Desjardins

Sots! Sots! Sots!

Impossible de s'élever contre la vertu.

C'est peut-être ce qui explique qu'il est presque impensable de s'indigner publiquement des dérapages du syndicalisme québécois.

Aussi, on risquerait de voir nos propres corps se putréfier en attendant que le mouvement fasse son propre examen de conscience. Car au sein de la gauche, il n'existe aucun paria, pas d'ennemi. Si tout le monde vise le bonheur collectif, alors autant éviter les inimitiés internes sur le chemin du nirvana terrestre.

Vous portez un drapeau soviétique et criez "Vive Staline! " dans une manif pour le logement social? Ne vous attendez même pas à ce que les autres participants vous rabrouent. Ou s'ils le font, la réprimande sera si timide qu'elle ressemblera plutôt à une sorte d'accord tacite.
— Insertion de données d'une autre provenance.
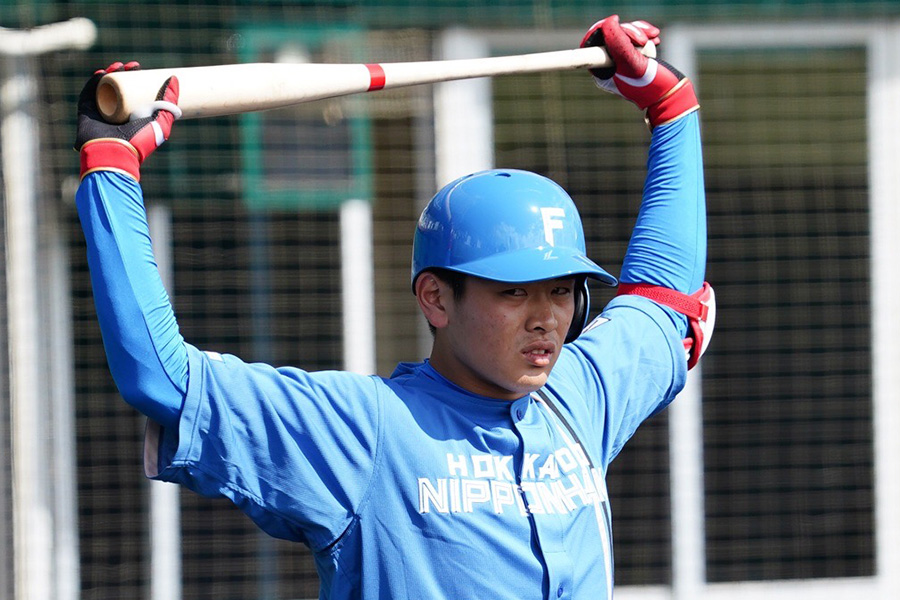 「2番・左翼」で出場した日本ハム・野村佑希【写真：荒川祐史】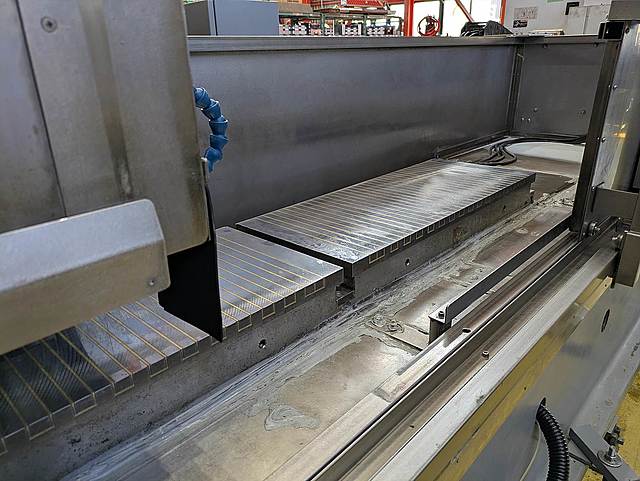 P009133 立軸角テーブル研削盤 三進精機 SPG-30035_4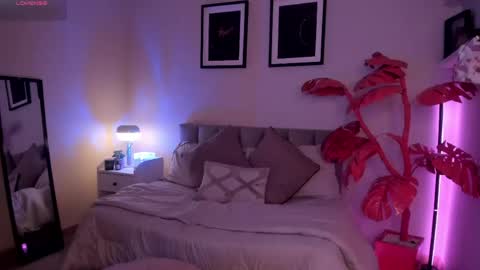 GIGI online show from May 2026 05:37:02 AM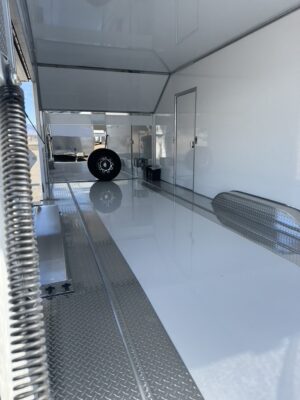 JIMGLO Elite Enclosed Car Trailer S002 12 FB4CCEF6 DC04 47C4 BD0E B382549E2B6E 1 105 c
À une accolade de coulisses en faveur du mouvement, quitte à ce que cette association silencieuse se fasse au détriment des idées.

Et c'est exactement ce qui se produit avec le mouvement syndicaliste: on a laissé des organisations a priori vertueuses sombrer dans la même démagogie que celles qu'elles dénoncent, laissant ainsi libre cours aux activités d'extrémistes qui croient encore que saccager les locaux d'un hôpital et les bureaux d'un politicien est un droit acquis, protégé par le Code du travail.

Désormais, ce ne sont plus les tenants de la droite qui traînent les syndicats dans la boue: ils le font eux-mêmes.

Pourtant, "les syndicats restent parmi les seuls groupes bien organisés au Québec à promouvoir d'autres valeurs que celles du capitalisme sauvage. Ils sont encore capables de mobiliser leurs membres pour ou contre des causes importantes comme c'est présentement le cas avec le projet de loi 31, qui vise à assouplir l'article 45 du Code du travail", me rappelait un lecteur cette semaine, au regard des velléités d'ouverture à la sous-traitance du gouvernement Charest.

Remarquez, moi non plus, je ne suis pas contre la vertu. Quand j'entends un syndiqué s'indigner en criant que "la pauvreté ne se partage pas", que "c'est la richesse qui se partage", je me sentirais drôlement salaud de lui donner tort.

Même chose pour vous, non?

Mais essayez seulement de questionner certaines pratiques syndicales douteuses et vous verrez ce qui vous attend: l'opprobre.

Car il ne s'agit plus d'un mouvement, mais d'une religion.

On y tient d'ailleurs un discours manichéen du même genre que celui d'intégristes: vous êtes avec ou contre nous. Et c'est exactement ce qui risque de mener le mouvement à sa perte. Puisqu'en refusant obstinément d'ouvrir le dialogue avec ceux qu'ils ne manquent pas de démoniser, les désignant comme des "anti-syndicalistes primaires", ils prennent eux-mêmes le versant de la pénible agonie.

"L'adaptation ou la mort" est une notion darwiniste qui ne s'applique pas qu'aux entreprises ou qu'aux espèces animales, elle s'applique aussi à certaines idées.

Ainsi, en cautionnant plus ou moins tacitement les actes de vandalisme et la violence de certains manifestants protégés par les articles 10 à 15 du Code, les centrales syndicales, encore aveuglées par leur petit catéchisme vermoulu, feront connaître des jours sombres aux travailleurs qu'elles souhaitent pourtant défendre, en théorie.

Car non seulement les syndicats auront-ils achevé de descendre au 76e sous-sol de l'opinion publique, mais ils auront aussi perdu le respect de la génération qui pointe son nez dans le milieu du travail, déjà dégoûtée par de nombreuses pratiques qui visent non pas à assurer la pérennité du bien commun, mais la sécurité de ceux qui sont en place. On n'a qu'à penser aux clauses "orphelin" qui émaillent encore plusieurs conventions collectives pour s'en convaincre.

Une autre tactique écoeurante qui, à certains égards, ressemble dangereusement à ce que les syndicats dénonçaient à l'origine, non?

Mais oserais-je prédire la fin du syndicalisme au Québec que vous me traiteriez de mongol. Et je vous comprendrais, puisque chez nous, plus du tiers des travailleurs adhèrent – bon gré mal gré – à un syndicat, quel qu'il soit.

Quoique, au fait, ne se moquait-on pas aussi de ceux qui, il y a seulement quelques années, prévoyaient pour des raisons analogues le déclin de la religion organisée au Québec?